-- Problem requirements --
Please return every line of the material verbatim and skip any images.
-*-*-
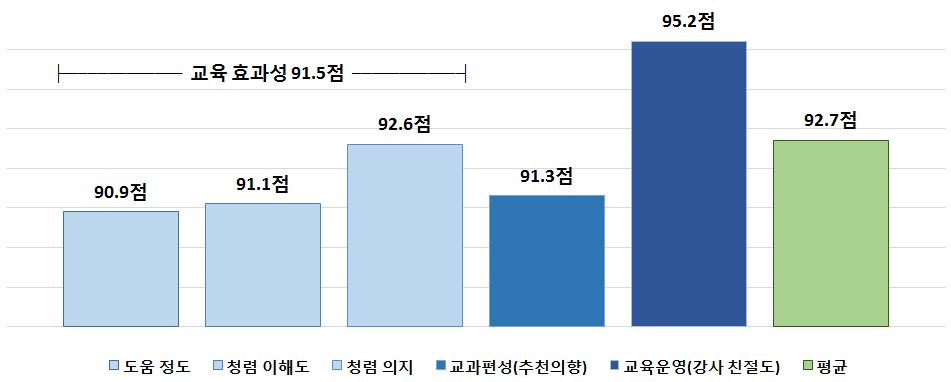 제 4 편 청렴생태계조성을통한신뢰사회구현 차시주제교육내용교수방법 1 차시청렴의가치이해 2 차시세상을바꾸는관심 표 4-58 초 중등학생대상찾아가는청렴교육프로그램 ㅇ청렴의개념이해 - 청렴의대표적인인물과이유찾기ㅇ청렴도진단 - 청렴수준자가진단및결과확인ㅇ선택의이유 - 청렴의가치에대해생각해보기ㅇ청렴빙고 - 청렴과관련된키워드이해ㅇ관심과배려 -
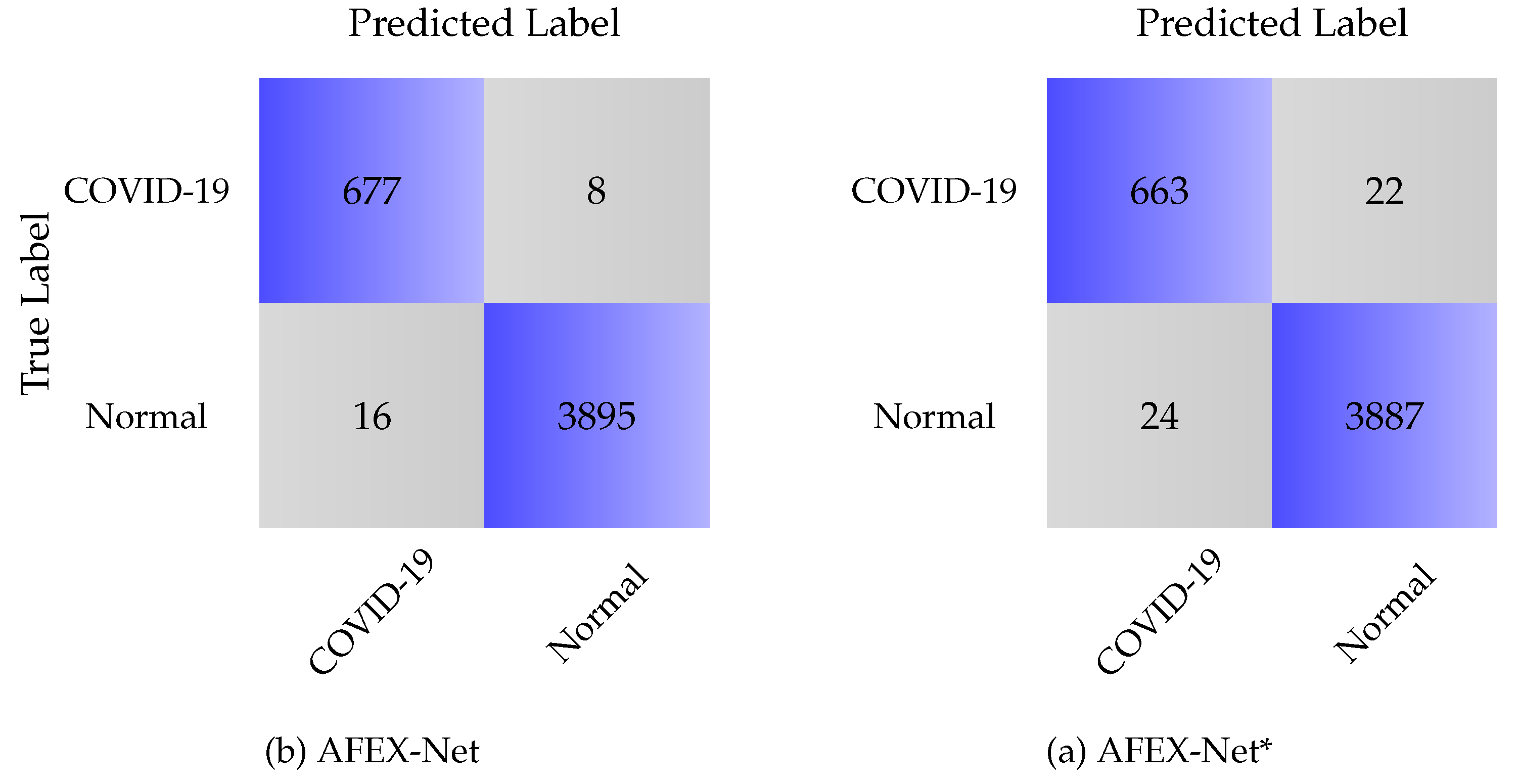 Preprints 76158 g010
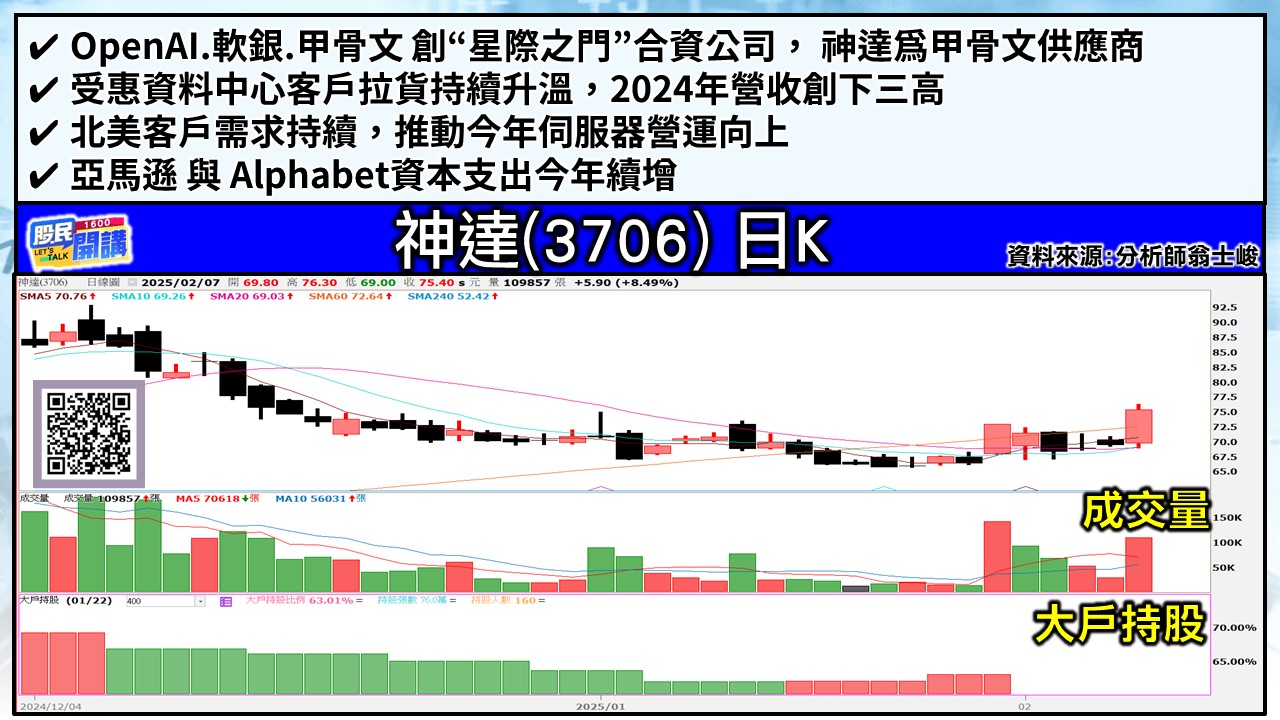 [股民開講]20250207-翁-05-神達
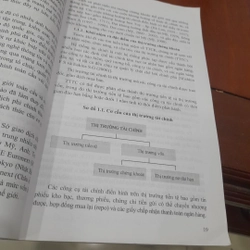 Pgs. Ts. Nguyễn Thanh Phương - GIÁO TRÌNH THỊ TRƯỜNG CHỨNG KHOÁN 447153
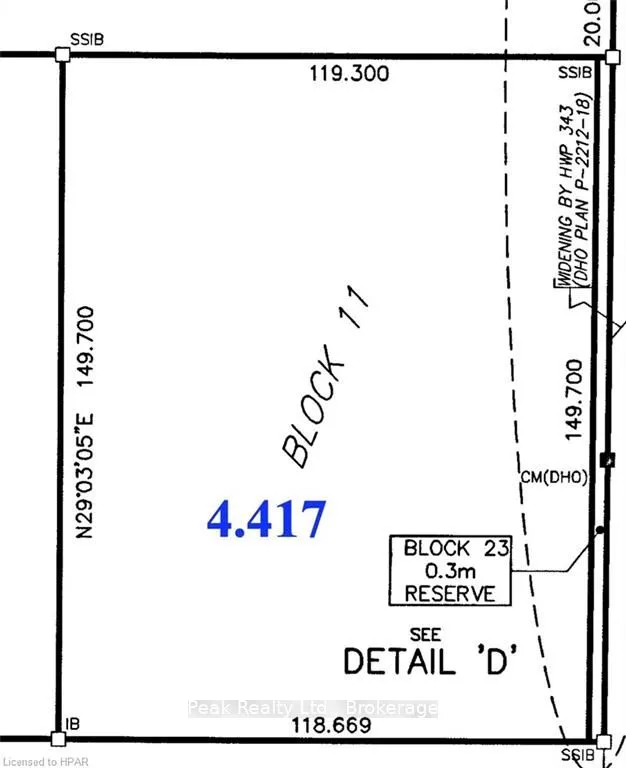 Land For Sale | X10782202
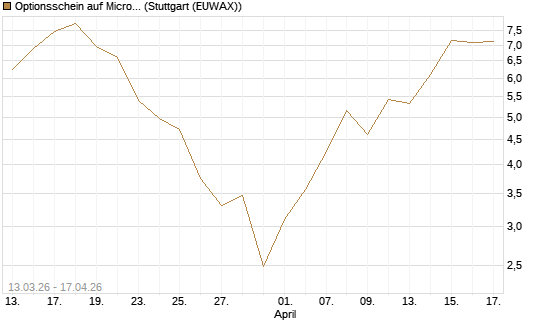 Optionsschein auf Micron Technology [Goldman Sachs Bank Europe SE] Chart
-*-*-
-- Task output --
 제 4 편 청렴생태계조성을통한신뢰사회구현 차시주제교육내용교수방법 1 차시청렴의가치이해 2 차시세상을바꾸는관심 표 4-58 초 중등학생대상찾아가는청렴교육프로그램 ㅇ청렴의개념이해 - 청렴의대표적인인물과이유찾기ㅇ청렴도진단 - 청렴수준자가진단및결과확인ㅇ선택의이유 - 청렴의가치에대해생각해보기ㅇ청렴빙고 - 청렴과관련된키워드이해ㅇ관심과배려 -
 Preprints 76158 g010
 [股民開講]20250207-翁-05-神達
 Pgs. Ts. Nguyễn Thanh Phương - GIÁO TRÌNH THỊ TRƯỜNG CHỨNG KHOÁN 447153
 Land For Sale | X10782202
 Optionsschein auf Micron Technology [Goldman Sachs Bank Europe SE] Chart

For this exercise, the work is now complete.